# Balancing question

1. Oct 2, 2006

### konichiwa2x

Hi, I have been asked to balance this equation:

$$KOH + K_{4}Fe(CN)_{6} + Ce(NO_{3})_{4} --> Fe(OH)_{3} + Ce(OH)_{3} + K_{2}CO_{3} + KNO_{3} + H_{2}O$$

Can someone please tell me where to start? I have written down the oxidation states of all the elements in the reaction and can see that iron is getting oxidised from +2 to + 3, carbon in cyanide ion is oxidised to + 4 state, Cerium is being reduced from +4 to +3 state. How do I proceed? Please help.

2. Oct 2, 2006

### semc

wow this looks confusing.....hmm where's your Cerium after reacting?

3. Oct 2, 2006

### Stevedye56

By starting with the oxidation numbers im assuming that you think its a redox reaction. If this is the case you must follow these steps: http://members.aol.com/profchm/redox.html [Broken]

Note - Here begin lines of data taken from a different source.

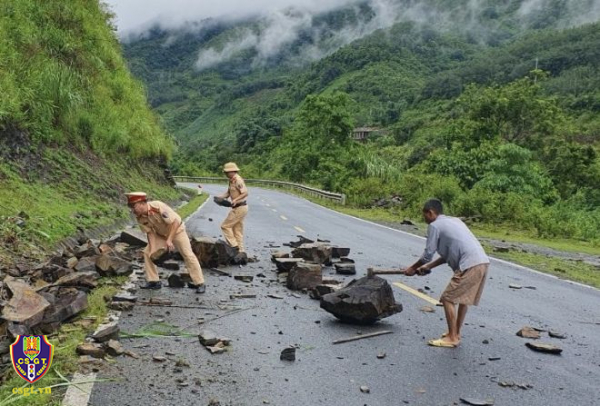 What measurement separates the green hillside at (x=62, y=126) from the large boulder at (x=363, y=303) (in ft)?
16.3

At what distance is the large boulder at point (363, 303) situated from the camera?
665cm

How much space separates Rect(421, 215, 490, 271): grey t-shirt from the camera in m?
5.98

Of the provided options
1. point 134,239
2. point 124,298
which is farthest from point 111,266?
point 134,239

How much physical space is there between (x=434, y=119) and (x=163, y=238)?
76081 mm

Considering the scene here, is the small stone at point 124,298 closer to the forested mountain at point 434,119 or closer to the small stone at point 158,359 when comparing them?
the small stone at point 158,359

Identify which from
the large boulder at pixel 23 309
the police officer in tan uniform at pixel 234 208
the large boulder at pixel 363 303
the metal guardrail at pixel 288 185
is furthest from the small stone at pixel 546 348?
the metal guardrail at pixel 288 185

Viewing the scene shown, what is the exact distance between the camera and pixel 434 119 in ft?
263

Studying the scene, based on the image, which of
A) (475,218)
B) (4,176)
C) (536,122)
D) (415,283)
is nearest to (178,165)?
(536,122)

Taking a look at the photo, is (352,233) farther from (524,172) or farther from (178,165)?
(178,165)

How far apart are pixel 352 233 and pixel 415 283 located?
8150 millimetres

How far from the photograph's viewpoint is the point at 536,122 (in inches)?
1371

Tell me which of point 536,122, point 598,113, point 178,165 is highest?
point 598,113

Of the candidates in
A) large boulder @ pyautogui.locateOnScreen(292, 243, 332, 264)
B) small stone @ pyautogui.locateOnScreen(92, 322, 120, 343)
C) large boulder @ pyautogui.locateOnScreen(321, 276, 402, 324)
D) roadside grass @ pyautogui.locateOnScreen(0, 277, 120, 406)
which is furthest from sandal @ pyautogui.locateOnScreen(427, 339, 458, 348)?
large boulder @ pyautogui.locateOnScreen(292, 243, 332, 264)

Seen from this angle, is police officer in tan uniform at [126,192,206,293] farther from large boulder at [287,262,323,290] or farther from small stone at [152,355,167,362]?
small stone at [152,355,167,362] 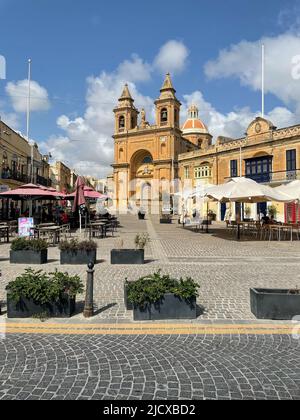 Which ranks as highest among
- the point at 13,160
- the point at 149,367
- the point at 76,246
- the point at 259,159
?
the point at 259,159

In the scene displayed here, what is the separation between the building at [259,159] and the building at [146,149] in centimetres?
1322

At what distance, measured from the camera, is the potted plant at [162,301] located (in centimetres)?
504

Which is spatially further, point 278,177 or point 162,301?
point 278,177

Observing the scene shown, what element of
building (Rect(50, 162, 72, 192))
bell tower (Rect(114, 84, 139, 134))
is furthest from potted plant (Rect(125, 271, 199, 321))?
building (Rect(50, 162, 72, 192))

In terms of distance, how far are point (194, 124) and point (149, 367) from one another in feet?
254

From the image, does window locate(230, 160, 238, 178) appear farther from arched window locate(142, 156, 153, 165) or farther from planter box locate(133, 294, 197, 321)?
planter box locate(133, 294, 197, 321)

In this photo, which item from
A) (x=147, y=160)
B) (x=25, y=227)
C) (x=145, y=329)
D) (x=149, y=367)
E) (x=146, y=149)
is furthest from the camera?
(x=147, y=160)

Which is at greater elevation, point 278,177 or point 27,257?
point 278,177

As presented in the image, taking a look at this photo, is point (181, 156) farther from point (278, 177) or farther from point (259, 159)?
point (278, 177)

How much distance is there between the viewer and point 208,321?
16.6 ft

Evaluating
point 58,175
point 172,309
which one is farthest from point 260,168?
point 58,175

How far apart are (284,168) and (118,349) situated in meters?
31.6

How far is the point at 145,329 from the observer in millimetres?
4738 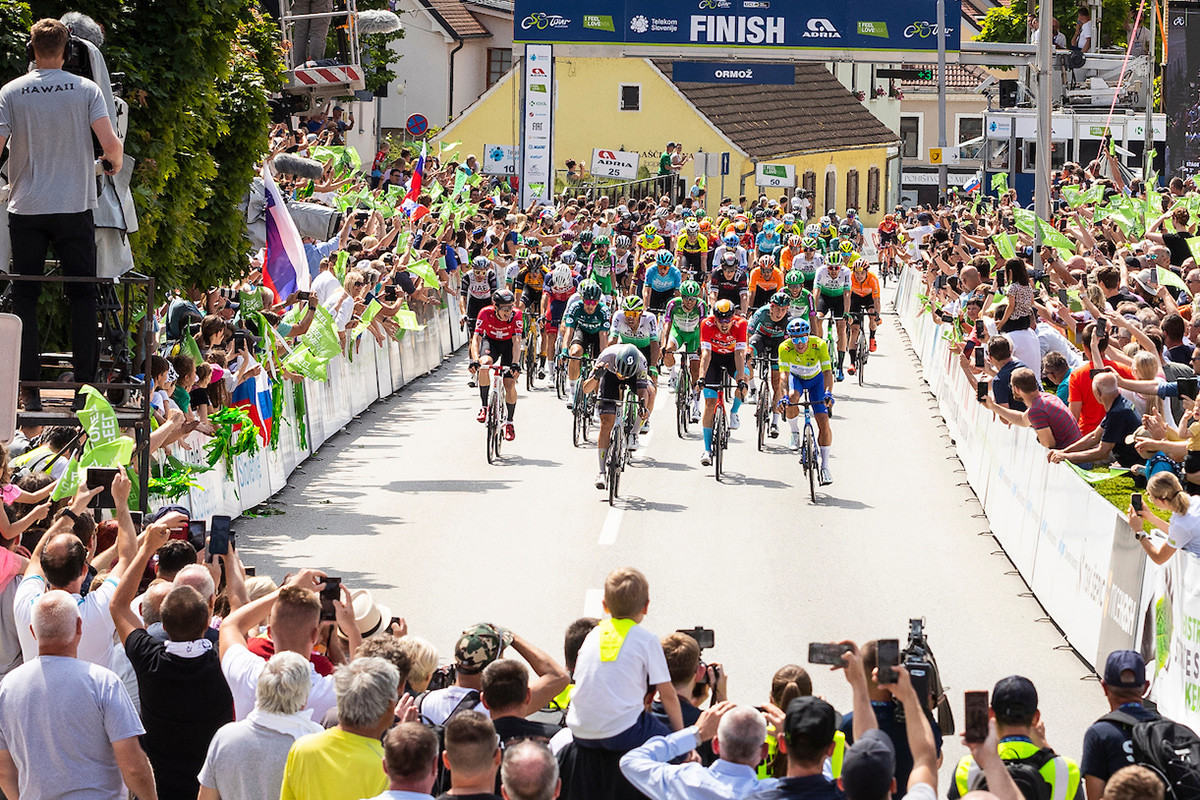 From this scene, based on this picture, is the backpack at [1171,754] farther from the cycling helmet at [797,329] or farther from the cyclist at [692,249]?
the cyclist at [692,249]

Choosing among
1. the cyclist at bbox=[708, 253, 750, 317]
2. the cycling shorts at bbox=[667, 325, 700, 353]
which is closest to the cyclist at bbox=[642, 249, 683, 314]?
the cyclist at bbox=[708, 253, 750, 317]

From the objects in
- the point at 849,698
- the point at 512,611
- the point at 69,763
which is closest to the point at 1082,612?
the point at 849,698

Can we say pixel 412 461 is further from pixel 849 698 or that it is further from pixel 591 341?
pixel 849 698

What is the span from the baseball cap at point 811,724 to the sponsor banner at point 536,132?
1478 inches

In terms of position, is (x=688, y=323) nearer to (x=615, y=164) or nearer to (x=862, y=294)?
(x=862, y=294)

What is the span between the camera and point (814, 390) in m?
17.2

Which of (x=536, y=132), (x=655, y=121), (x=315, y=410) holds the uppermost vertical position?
(x=655, y=121)

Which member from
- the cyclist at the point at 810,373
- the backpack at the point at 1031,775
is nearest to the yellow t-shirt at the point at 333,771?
the backpack at the point at 1031,775

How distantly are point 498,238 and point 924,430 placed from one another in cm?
943

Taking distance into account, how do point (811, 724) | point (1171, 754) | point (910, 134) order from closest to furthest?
point (811, 724)
point (1171, 754)
point (910, 134)

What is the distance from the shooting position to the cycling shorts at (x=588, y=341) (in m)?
19.9

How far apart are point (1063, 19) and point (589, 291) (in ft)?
201

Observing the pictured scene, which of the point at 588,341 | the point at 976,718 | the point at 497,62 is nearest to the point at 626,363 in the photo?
the point at 588,341

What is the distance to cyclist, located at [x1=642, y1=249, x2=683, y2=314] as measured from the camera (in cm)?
2347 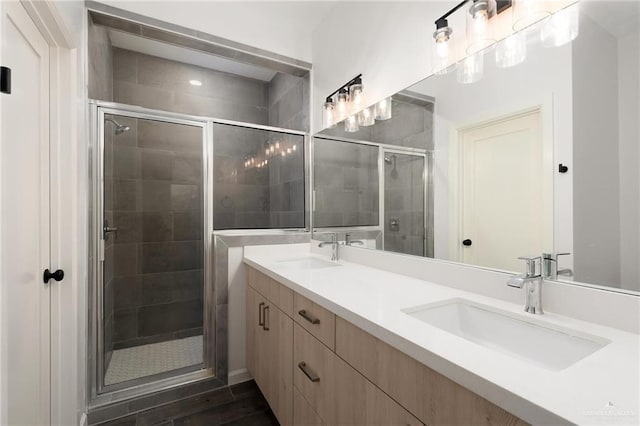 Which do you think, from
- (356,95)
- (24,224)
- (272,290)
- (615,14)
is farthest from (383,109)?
(24,224)

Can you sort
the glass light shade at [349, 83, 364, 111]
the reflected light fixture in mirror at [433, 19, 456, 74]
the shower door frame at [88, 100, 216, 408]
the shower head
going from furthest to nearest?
the shower head, the glass light shade at [349, 83, 364, 111], the shower door frame at [88, 100, 216, 408], the reflected light fixture in mirror at [433, 19, 456, 74]

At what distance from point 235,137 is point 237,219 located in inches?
27.1

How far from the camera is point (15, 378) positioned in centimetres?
100

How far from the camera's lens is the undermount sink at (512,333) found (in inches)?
29.6

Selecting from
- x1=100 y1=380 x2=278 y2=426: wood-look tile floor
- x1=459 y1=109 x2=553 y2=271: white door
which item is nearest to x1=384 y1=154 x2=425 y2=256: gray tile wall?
x1=459 y1=109 x2=553 y2=271: white door

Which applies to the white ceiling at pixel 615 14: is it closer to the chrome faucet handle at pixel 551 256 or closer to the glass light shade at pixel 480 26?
the glass light shade at pixel 480 26

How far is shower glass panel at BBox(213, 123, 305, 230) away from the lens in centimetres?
239

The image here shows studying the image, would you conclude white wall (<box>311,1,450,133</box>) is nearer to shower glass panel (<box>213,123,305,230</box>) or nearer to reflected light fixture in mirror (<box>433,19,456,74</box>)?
reflected light fixture in mirror (<box>433,19,456,74</box>)

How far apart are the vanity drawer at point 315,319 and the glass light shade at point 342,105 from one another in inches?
50.2

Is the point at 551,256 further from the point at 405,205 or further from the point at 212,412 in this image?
the point at 212,412

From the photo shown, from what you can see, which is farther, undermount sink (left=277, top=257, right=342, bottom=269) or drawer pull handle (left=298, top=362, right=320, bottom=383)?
undermount sink (left=277, top=257, right=342, bottom=269)

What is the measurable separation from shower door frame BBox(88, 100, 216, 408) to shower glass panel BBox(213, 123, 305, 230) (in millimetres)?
196

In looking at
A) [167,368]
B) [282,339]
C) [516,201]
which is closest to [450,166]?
[516,201]

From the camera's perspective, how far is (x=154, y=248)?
249 centimetres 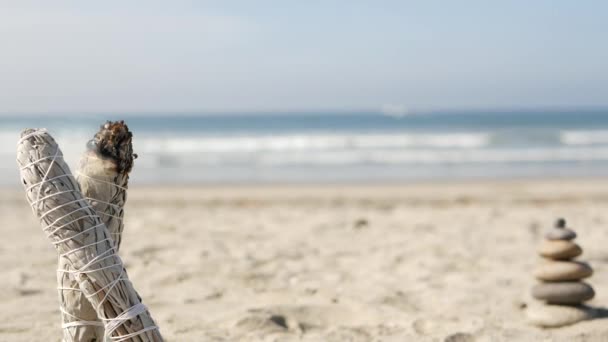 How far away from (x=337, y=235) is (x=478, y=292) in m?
2.90

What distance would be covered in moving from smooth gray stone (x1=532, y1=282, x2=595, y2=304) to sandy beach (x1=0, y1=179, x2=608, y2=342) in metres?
0.19

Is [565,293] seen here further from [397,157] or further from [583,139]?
[583,139]

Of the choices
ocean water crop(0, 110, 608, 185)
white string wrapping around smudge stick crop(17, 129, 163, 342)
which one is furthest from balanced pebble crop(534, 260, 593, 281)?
ocean water crop(0, 110, 608, 185)

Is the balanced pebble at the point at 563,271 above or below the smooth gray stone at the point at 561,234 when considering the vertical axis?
below

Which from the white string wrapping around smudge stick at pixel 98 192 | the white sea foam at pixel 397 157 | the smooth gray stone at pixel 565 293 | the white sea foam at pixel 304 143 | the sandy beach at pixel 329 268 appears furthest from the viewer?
the white sea foam at pixel 304 143

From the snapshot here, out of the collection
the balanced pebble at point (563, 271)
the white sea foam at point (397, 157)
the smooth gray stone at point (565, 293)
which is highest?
the white sea foam at point (397, 157)

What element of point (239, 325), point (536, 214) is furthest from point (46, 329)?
point (536, 214)

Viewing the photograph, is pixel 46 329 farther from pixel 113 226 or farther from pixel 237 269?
pixel 237 269

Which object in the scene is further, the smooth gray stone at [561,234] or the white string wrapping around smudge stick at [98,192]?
the smooth gray stone at [561,234]

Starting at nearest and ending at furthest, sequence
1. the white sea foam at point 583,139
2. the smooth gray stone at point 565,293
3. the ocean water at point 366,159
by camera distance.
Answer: the smooth gray stone at point 565,293 < the ocean water at point 366,159 < the white sea foam at point 583,139

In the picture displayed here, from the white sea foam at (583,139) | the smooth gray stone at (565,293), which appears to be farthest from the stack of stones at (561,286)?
the white sea foam at (583,139)

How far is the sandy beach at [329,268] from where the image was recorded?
172 inches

Last edited by a moderator: May 2, 2017
4. Oct 2, 2006

5. Oct 4, 2006

### konichiwa2x

I know the rules of balancing a redox reaction. It is just that this one is too tough. There are too many elements undergoing oxidation/reduction. I am not sure whether to employ the oxidation-reduction method or ion-eletron method. What do I do?

PS. There should be a $$Ce(OH)_{3}$$ among the products.

6. Oct 4, 2006

### Stevedye56

I tried by placing coefficients it just goes back and forth like a never ending combustion reaction

Last edited: Oct 4, 2006
7. Oct 5, 2006

### Stevedye56

I got the half reactions for the equation but its going to take 3+ pages of work to figure out the coefficients. My IB high level chem teacher said she balanced the "mother of all equations" and it took 3 pages, and she thinks this one is more complicated. I will be working with her on it. She also said that coefficients can and quite possibly make it into the 100's. Ill keep you posted. I hope this wasnt due overnight...

8. Oct 6, 2006

### konichiwa2x

thanks. I have been trying too without any success. Tell me if you do get it.

9. Oct 6, 2006

### cheechnchong

have you learned re-dox (by using ionic equations)?

10. Oct 7, 2006

### konichiwa2x

yes I have.. but It didnt help. I was still not able to do it.

11. Oct 7, 2006

### Staff: Mentor

These things require systematical approach and algebraic method does wonders.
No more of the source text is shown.